PROBLEM: Starting with the opening line of the entries below, transcribe each line exactly up to and including the one that has "Работы по укладке асфальта"; pictures are not copied.

DATASET RECORDS:
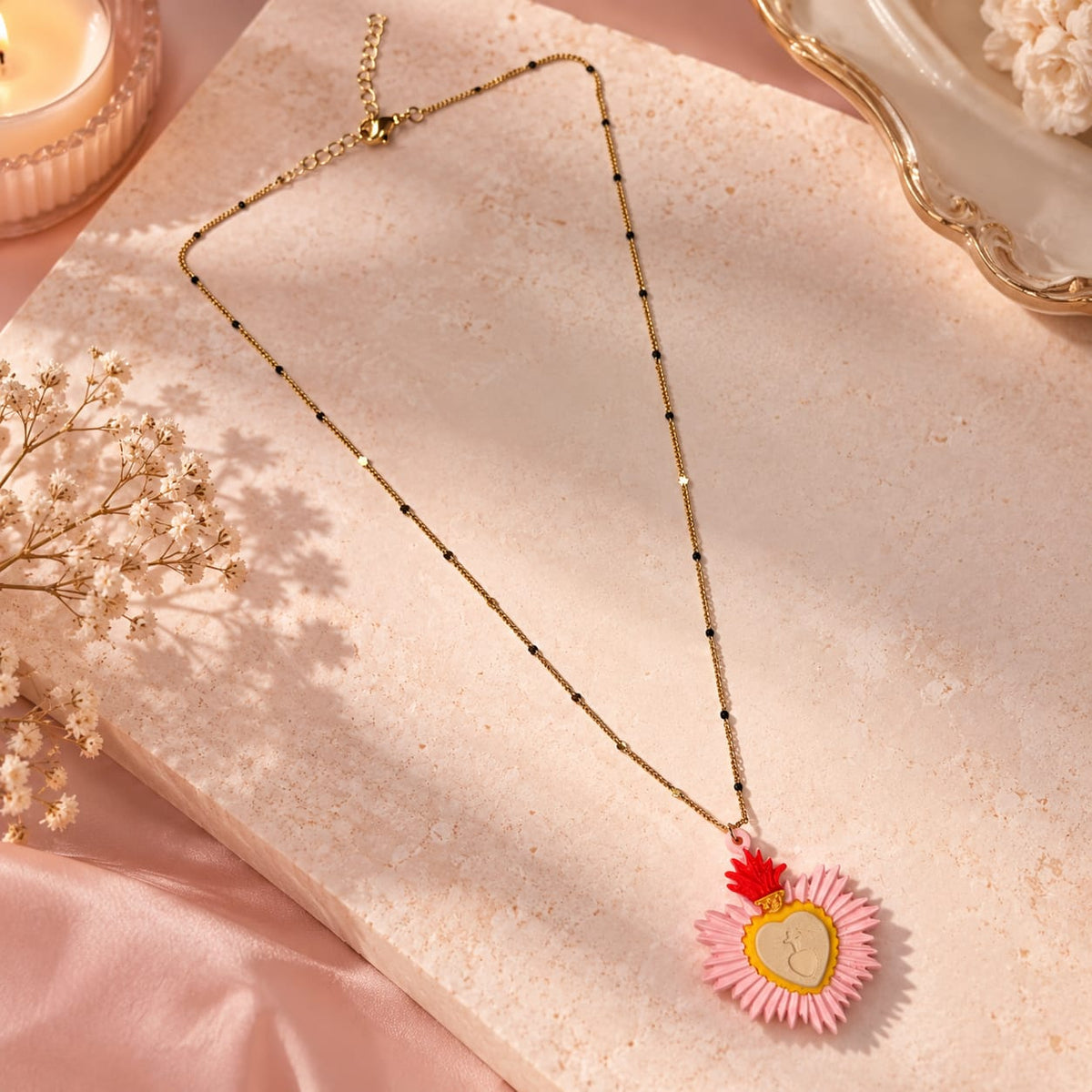 Collar Cadena Dije Sagrado Corazón Rosado Dorado Creer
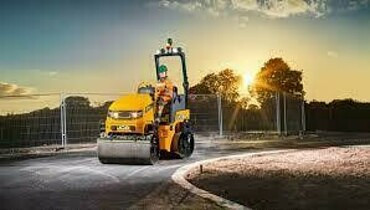 Работы по укладке асфальта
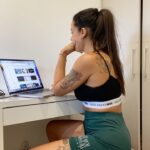 Alicia « Shanna » Kress Instagram - Voilà je vous partage un métier que je fais depuis très longtemps qui était un passe temps auparavant , j’ai appris à monter des vidoés très jeune, ça fait plus de 15 ans que je fais ça, Je monte sur « Finalcut Pro » Avant je montais les souvenirs vacances, le mariage de mes amies, mais aujourd’hui c’est devenu un travail a plein temps depuis que nous avons notre chaîne sur YouTube, car nous publions une vidéo par semaine, tous les dimanches, d’ailleurs rdv ce dimanche à 19h pour un nouveau blog! ( au passage notre chaîne c’est « UN MEC,UNE MEUF ») Je passe parfois toutes mes journées, voir mes soirées devant mon ordinateur pour essayer d’éditer de jolies vlogs, de jolies vidéos. C’est un métier où il faut être créatif et c’est ce que j’adore, mais c’est vrai qu’avec l’arrivée de Loüka j’ai vraiment moins de temps du coup parfois on se fait aider pour certaines vidéos YouTube. En tous cas j’espère que vous appréciez nos vlogs j’essaye vraiment de faire au mieux ☺️🙏🏼 Bisous à tous et bonne soirée Ps: pour la fin de la vidéo, en effet j’étais vraiment au bout du rouleau 😂😂😂 Vous pourrez retrouver ce moment dans le vlog de dimanche 😍😂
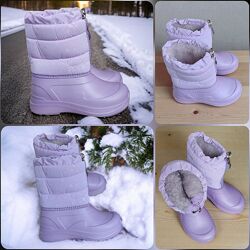 Дитячі утеплені черевики ЧОРНОГО кольору декор ТАЧКИ та БУЗКОВІ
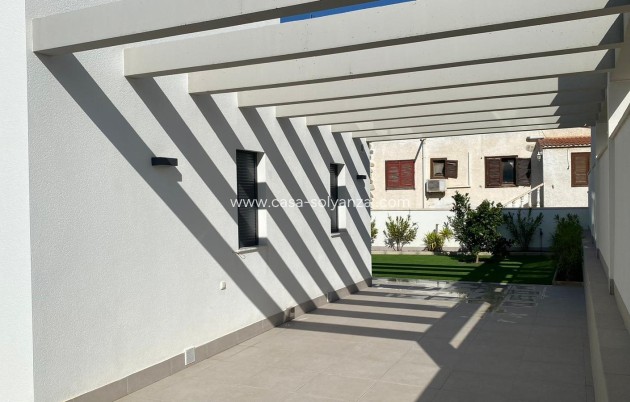 Revente - Villa - Torrevieja - Los Balcones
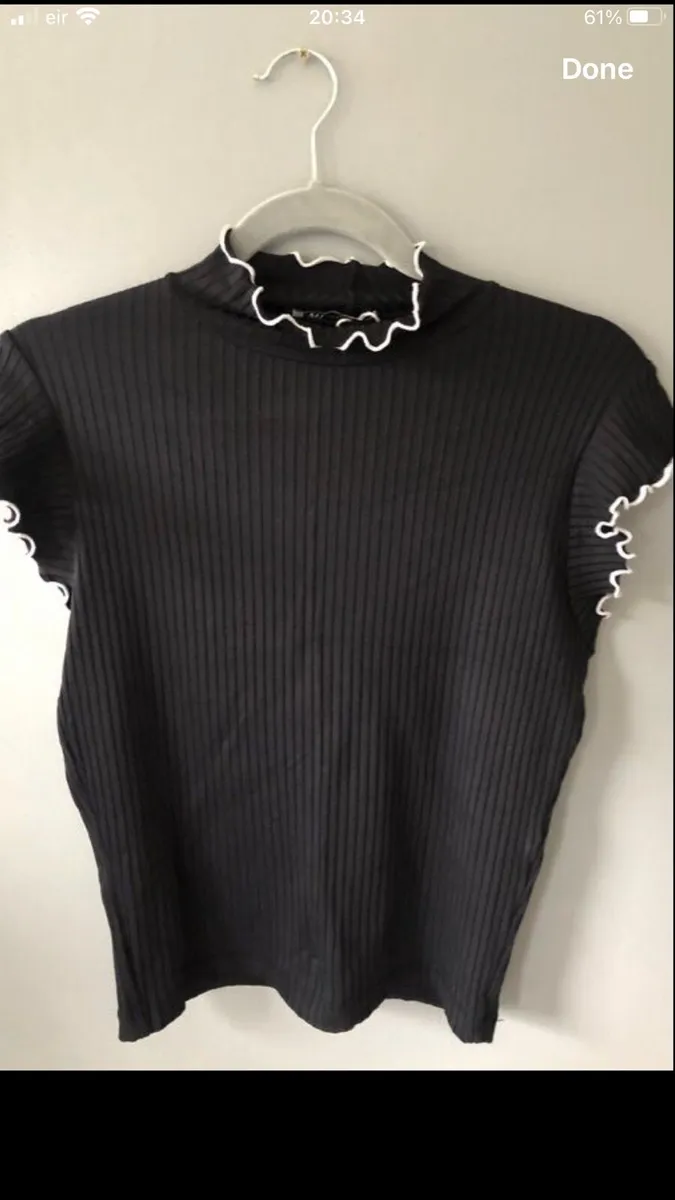 Ladies stunning top size S €5 - Image 1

COMPLETED TASK:
 Collar Cadena Dije Sagrado Corazón Rosado Dorado Creer
 Работы по укладке асфальта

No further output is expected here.